Security through obscurity is one of the worst approaches someone might take when it comes to computer / network security. I’ve heard in real-world situations between students and professional programers say “Sure, the passwords are saved as plaintext, but the database table names are all obfuscated; no hacker will find them!”. Though I’m sure this isn’t the average case, it bothers me enormously that many universities and companies don’t do formal security training. Giving your programmers Code Complete is a great idea, but I don’t think it’s enough – programmers have to have it beat into us that obfuscation is NOT a valid security approach!

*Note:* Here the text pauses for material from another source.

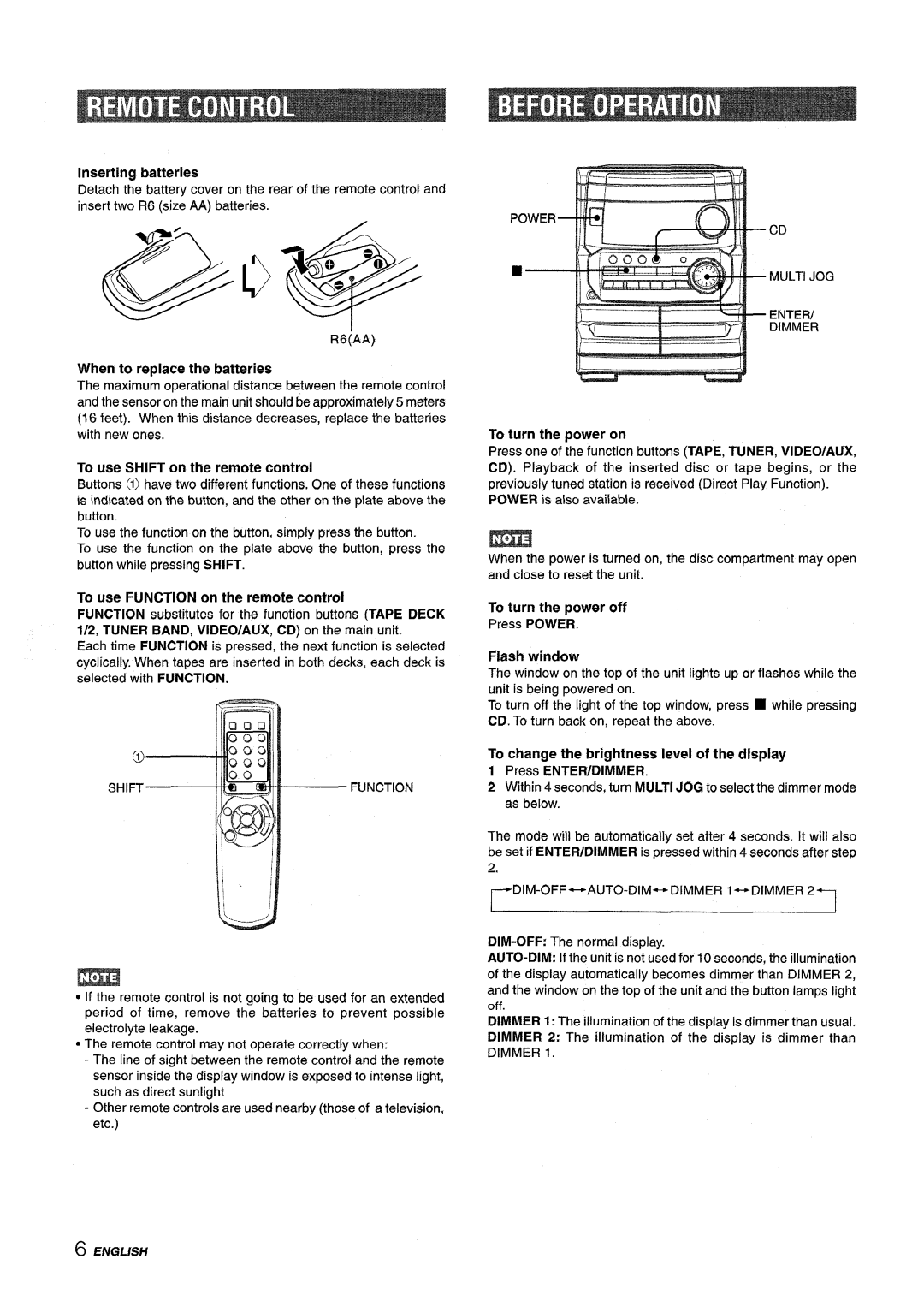 Aiwa CX-NA222 When to replace the batteries, To use Shift on the remote control, To use Function on the remote control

I won’t talk about how to fix this, there’s plenty of tools, academic resources, training programs, etc. to help programmers learn and improve their designs. What I will talk about is steganography. I heard some not-so-reputable sites such as 4Chan were encoding data and adding it to meta-data in images. At first I thought it was kind of silly; everyone could just open the file and see it… but then again, we live in the golden age of media-transfer on the web: who sees images on the web and thinks “Maybe there is something hidden in here” outside of what you actually see. Stenography is a method of obscuring data transmission by adding it through mediums one wouldn’t think acceptable for data. The GIF file format has an interesting structure such that there is a single or double byte pattern that declares the end of the file. If you put text after that, most image viewers and browsers would see the image and never report a corruption because nothing changed the formal structure; yet the hidden data is there and never seen by the image viewer.

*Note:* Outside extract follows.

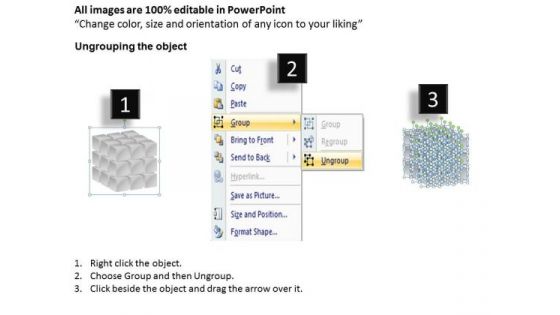 Business Framework Model 3d Cubes Broken Style Marketing Diagram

So, to learn more, I hid some data through several levels of encryption, obfuscation, and stenography. In the following steps we will be taking a funny GIF image, and we will follow the white rabbit down the hole to wonderland. (Pardon the cheesy quote, I had to, ha)
-  Check out this funny GIF of some ninja-wrestling moves; millions must exist on the web, and such technology is nothing new, dating back from the late-80s. You wouldn’t do anything with this file other than smirk, right? Well, lets dive in…
- Download the gif and open it in any text editor of your choice; notice at the end there is constant ASCII strings?
- Copy this string data (it’s a GnuPG message) and decrypt; password is “png”
- The result is a png file (change file extension if needed)
- Open png file, it is a multi-color QR code; if you attempt to decode it, you get junk data
- Individually process each color channel in RGB order, meaning do a QR decode on the red channel first, then green, and finally blue
- Put the QR decoded text together, you get a new GnuPG block; password is “steganography”
- This result is the final data, i.e. the original message that was encoded
So what I learned is there are some serious ways and methods of hiding data easily through obfuscation tied with true security (i.e. PGP encryption); though I can’t imagine any use for this and general stenography for industry-level products and services, this is 100% legitimate spy-level information transfer. Stuck in North Korea and need to send a secret message? Attach the encrypted data to an innocent picture that will get past the censures and tada! Secret 007 mission accomplished.